Pas question pour eux d’en faire un principe. « Nous ne sommes pas hostiles aux traités de libre-échange », insistait, mardi, en commission des affaires étrangères, la députée des Bouches-du-Rhône Valérie Boyer. « Nous constatons que le monde a changé et le libre-échange n’est pas le juste échange ni l’échange équilibré », ajoutait-elle. « Ce projet d’accord a en son sein plusieurs vices, notamment pour la filière agricole », souligne dans une vidéo publiée par le groupe sur Twitter le député de l’Aisne, Julien Dive. Les élus de droite ont fait leurs les arguments des syndicats agricoles et s’inquiètent des conséquences de l’arrivée sur le marché européen de viande bovine canadienne moins chère que la française, car soumise à des exigences de production différentes.
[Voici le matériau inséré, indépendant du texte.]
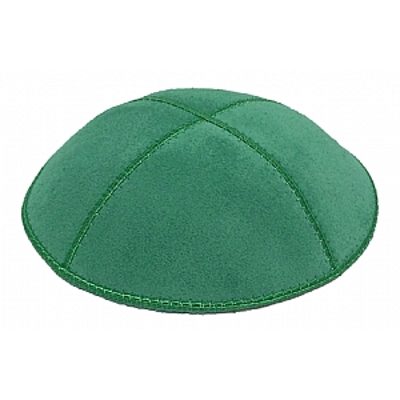 Green suede kippah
Une famille tentée par le repli protectionniste

Ce positionnement n’est pas sans rappeler que la droite prend à contre-pied certaines décisions à orientation libérale depuis le début du quinquennat d’Emmanuel Macron. Elle a, par exemple, combattu la privatisation du groupe ADP (ex-Aéroports de Paris). Le vote sur le CETA apparaît comme un nouvel épisode de la vie d’une famille tentée par le repli protectionniste. « Il y a des tentatives plus ou moins orchestrées, de repositionner le centre de gravité de la droite française sur l’idée de défense de la souveraineté nationale », constate Mme Le Grip, qui le met aussi sur le compte de la place de LR dans l’échiquier politique actuel. « Quand on est dans l’opposition, il y a la volonté de relayer des alertes et des colères. Quand on est dans la majorité, c’est différent. »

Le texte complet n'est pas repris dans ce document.